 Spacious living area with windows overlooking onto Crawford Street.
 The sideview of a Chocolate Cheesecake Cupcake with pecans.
---
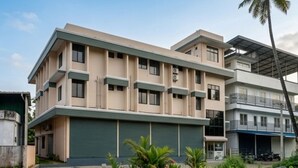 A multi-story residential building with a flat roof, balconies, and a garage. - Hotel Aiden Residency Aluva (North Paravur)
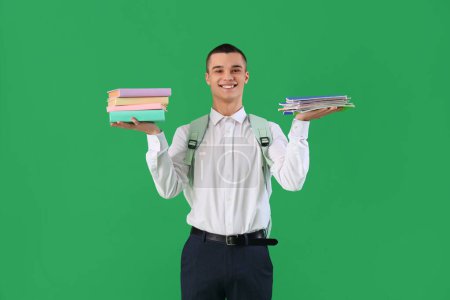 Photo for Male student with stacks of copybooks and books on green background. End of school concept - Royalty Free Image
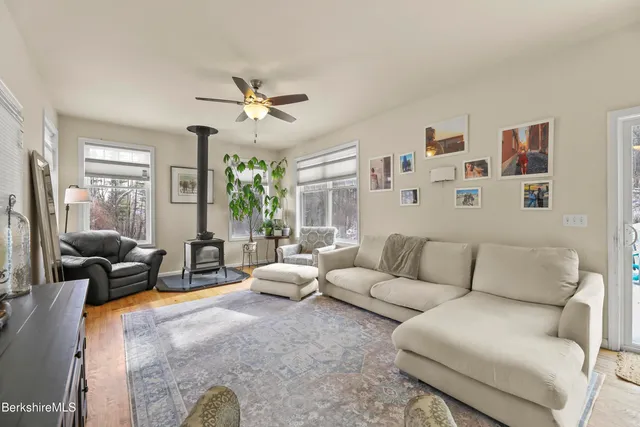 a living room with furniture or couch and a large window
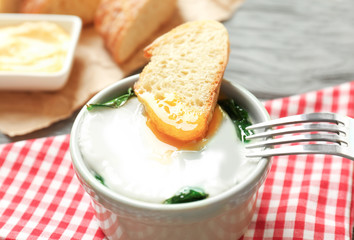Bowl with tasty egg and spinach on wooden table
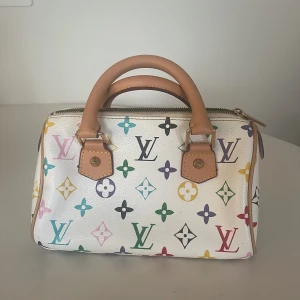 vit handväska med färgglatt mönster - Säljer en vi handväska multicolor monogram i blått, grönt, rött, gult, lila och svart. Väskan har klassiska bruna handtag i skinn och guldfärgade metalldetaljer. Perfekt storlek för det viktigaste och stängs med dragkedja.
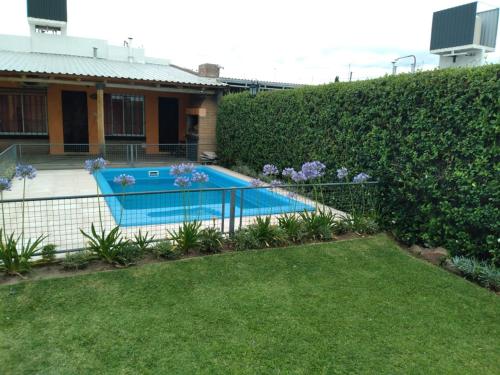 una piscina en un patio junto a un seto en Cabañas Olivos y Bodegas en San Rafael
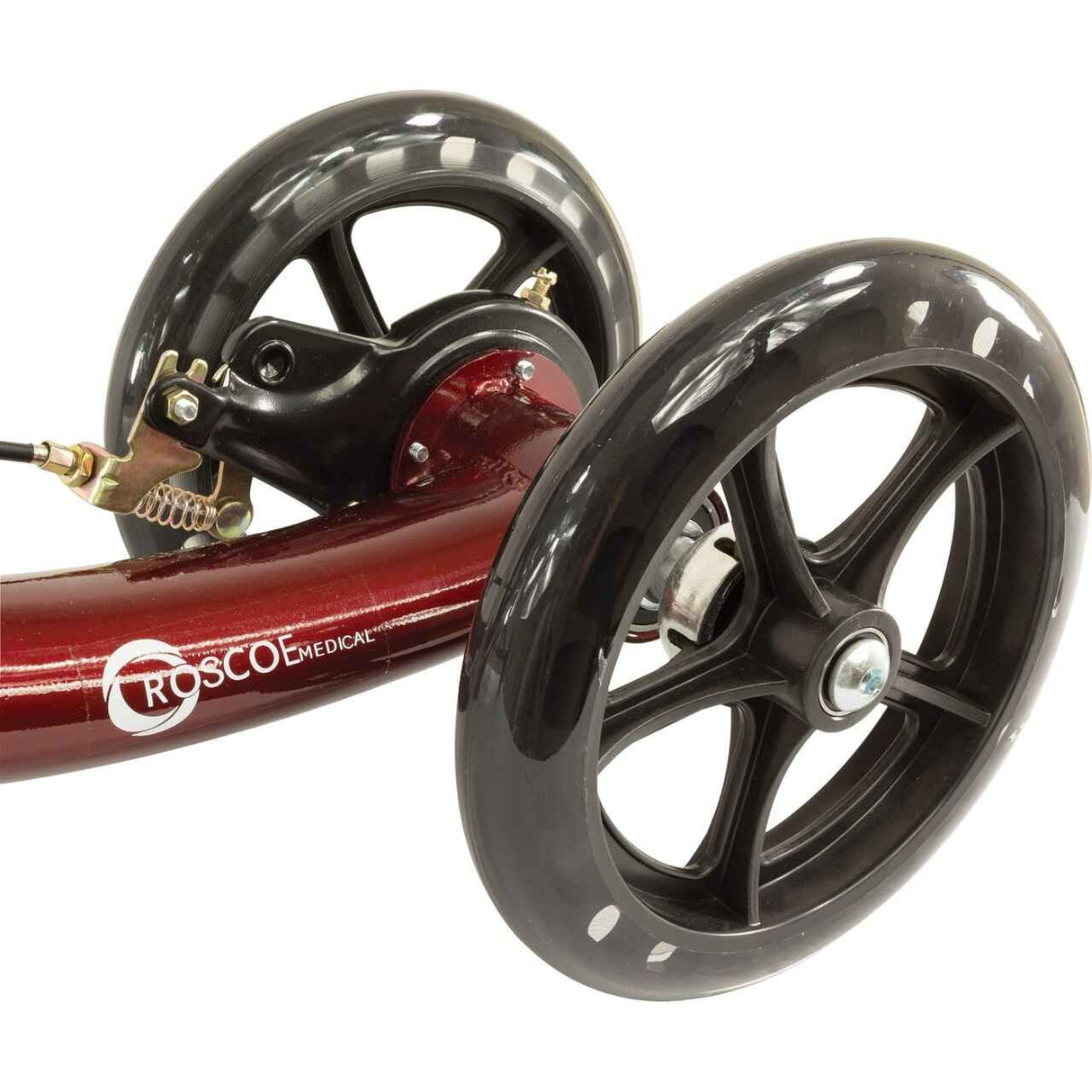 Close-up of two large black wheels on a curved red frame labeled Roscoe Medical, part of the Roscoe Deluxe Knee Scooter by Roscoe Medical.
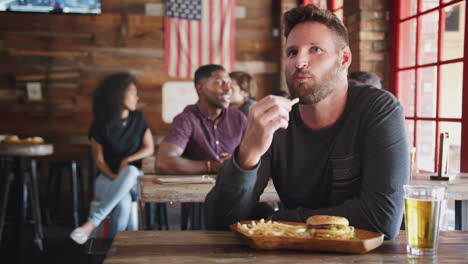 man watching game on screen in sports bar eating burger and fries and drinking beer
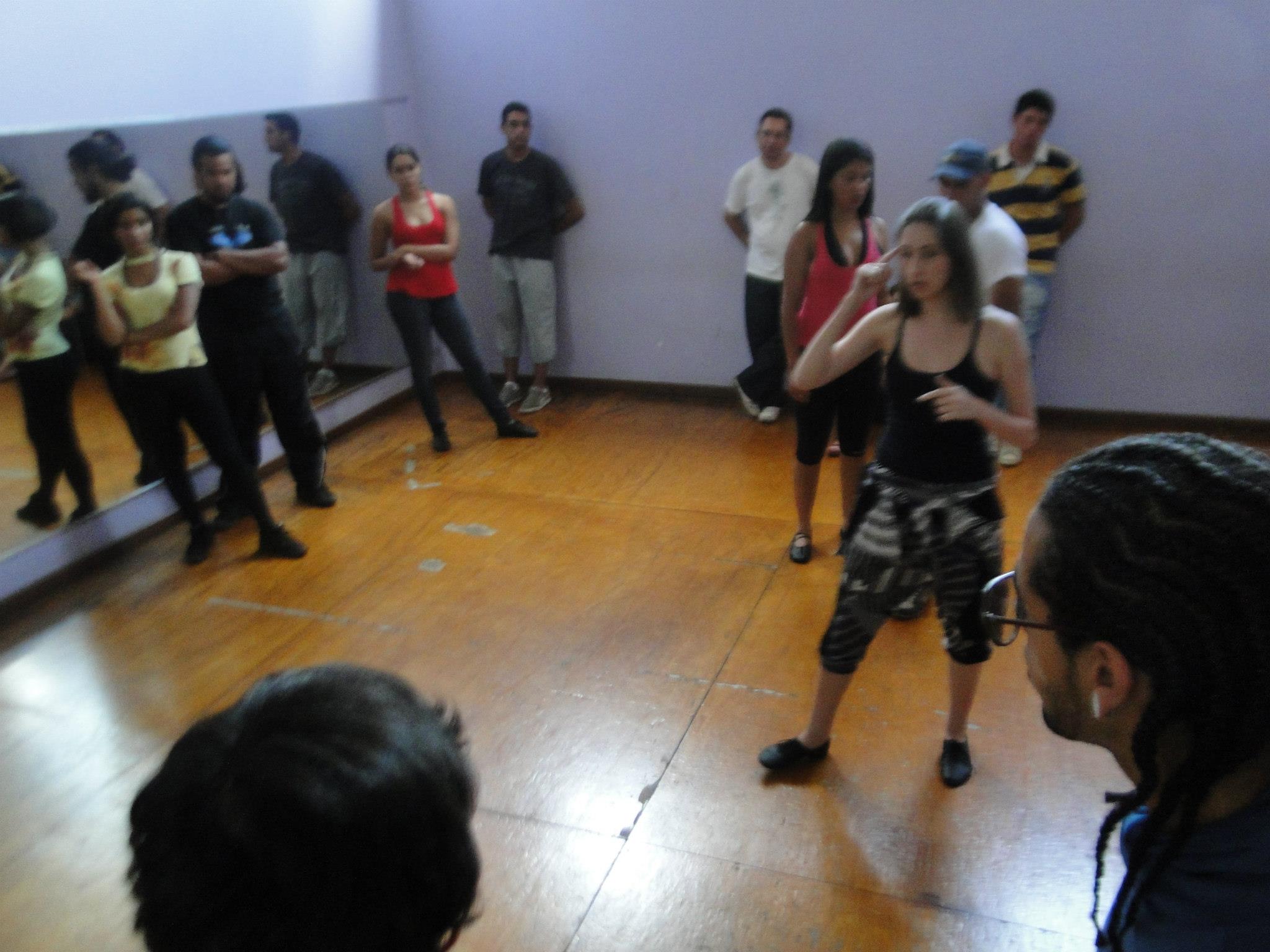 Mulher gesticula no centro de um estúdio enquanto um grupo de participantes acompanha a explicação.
...
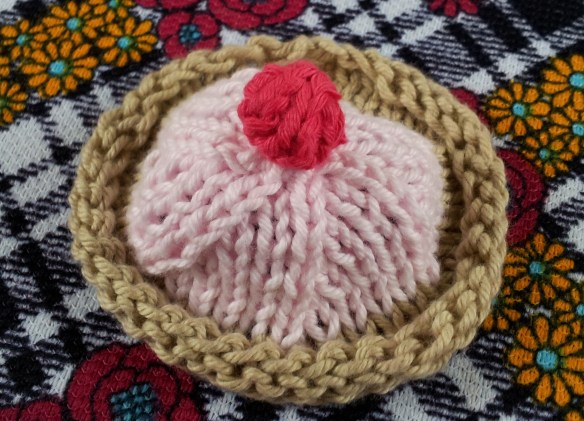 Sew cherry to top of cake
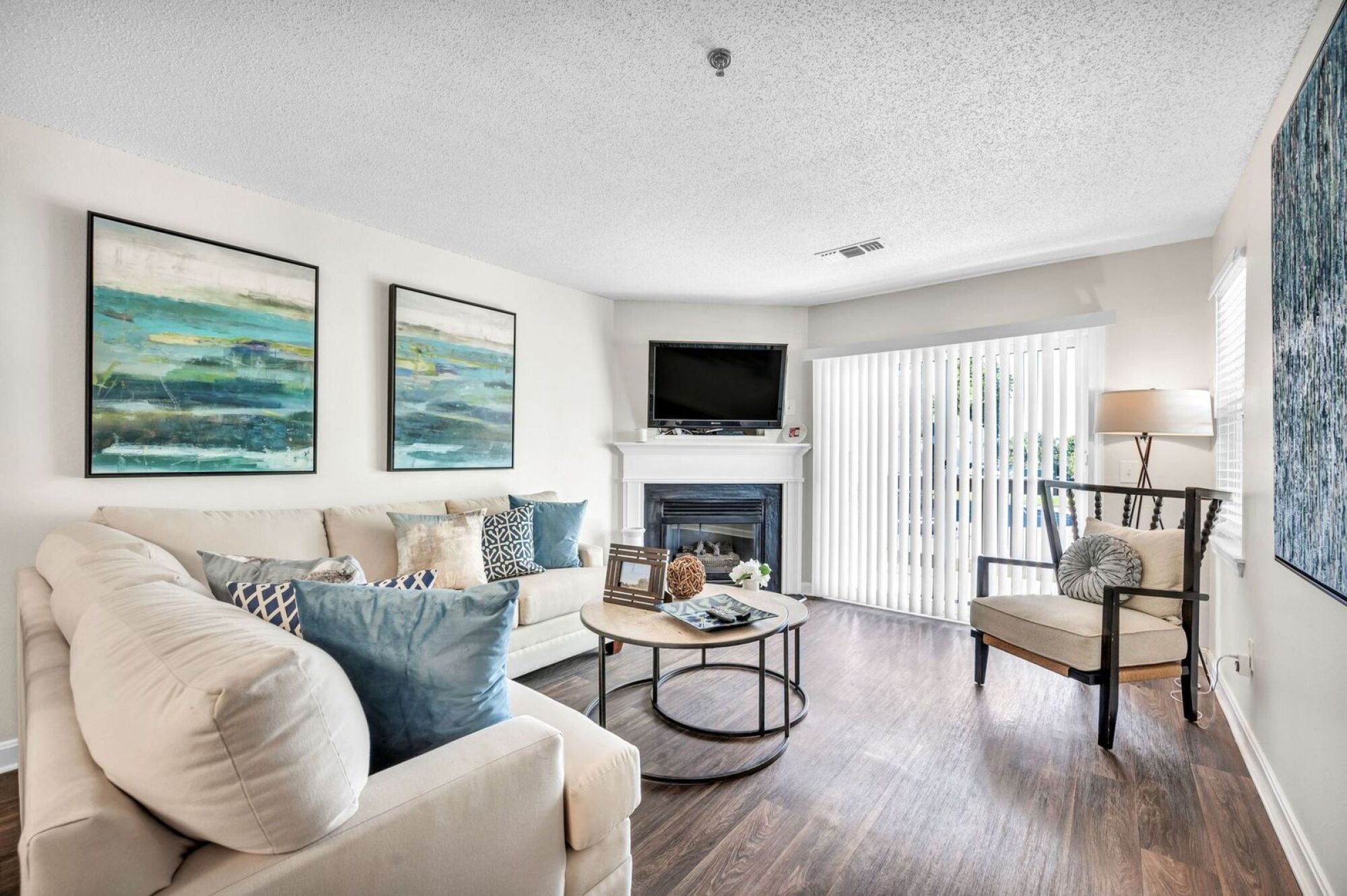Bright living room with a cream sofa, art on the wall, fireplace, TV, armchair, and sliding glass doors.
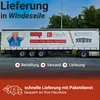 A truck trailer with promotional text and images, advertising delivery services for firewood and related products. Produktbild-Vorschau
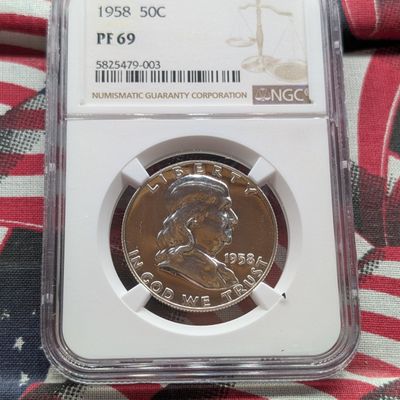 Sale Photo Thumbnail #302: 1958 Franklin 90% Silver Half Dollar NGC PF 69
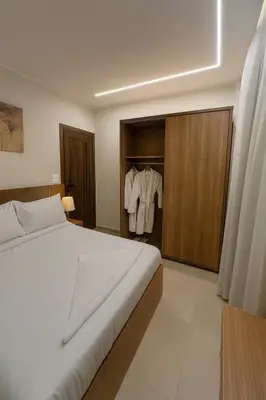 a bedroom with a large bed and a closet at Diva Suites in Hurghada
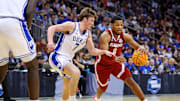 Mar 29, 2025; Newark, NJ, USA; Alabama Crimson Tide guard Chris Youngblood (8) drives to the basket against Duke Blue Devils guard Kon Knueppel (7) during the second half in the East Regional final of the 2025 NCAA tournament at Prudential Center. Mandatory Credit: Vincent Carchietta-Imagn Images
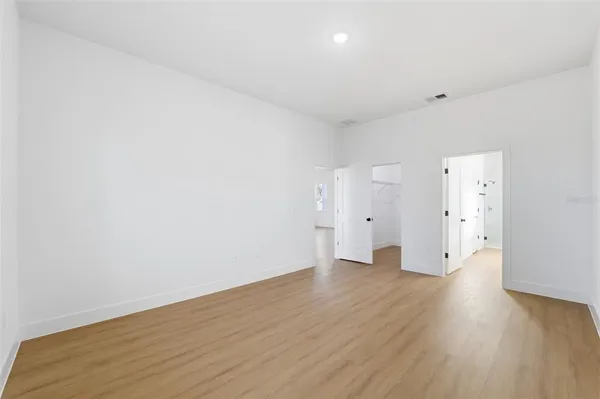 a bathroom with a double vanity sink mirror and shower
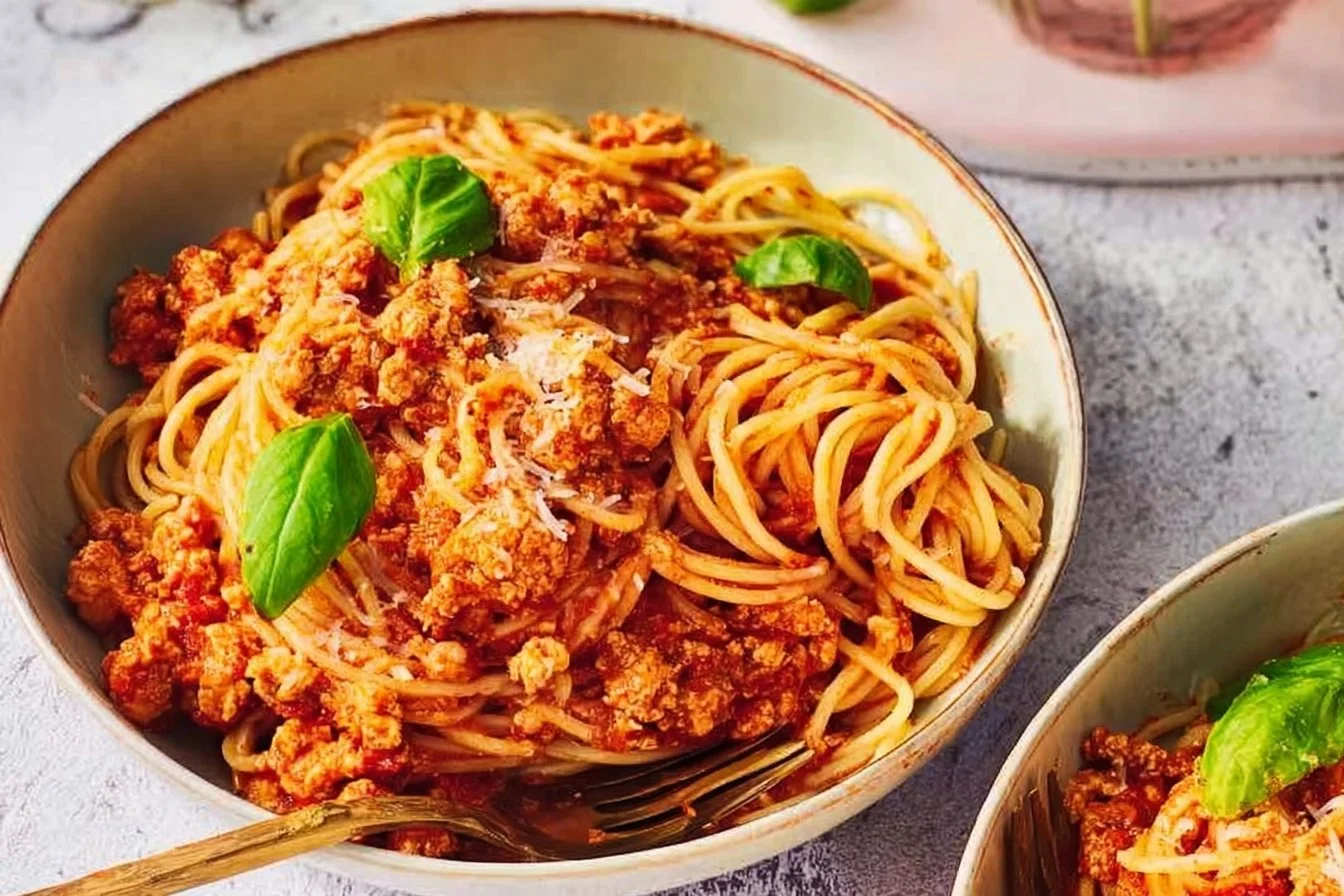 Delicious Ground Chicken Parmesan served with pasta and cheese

PROBLEM REQUIREMENTS
Would you transcribe the lines above exactly, going from the line bearing "A multi-story residential" through the line bearing "Bowl with tasty", and drop the pictures from the copy?

EXERCISE SOLUTION
 A multi-story residential building with a flat roof, balconies, and a garage. - Hotel Aiden Residency Aluva (North Paravur)
 Photo for Male student with stacks of copybooks and books on green background. End of school concept - Royalty Free Image
 a living room with furniture or couch and a large window
Bowl with tasty egg and spinach on wooden table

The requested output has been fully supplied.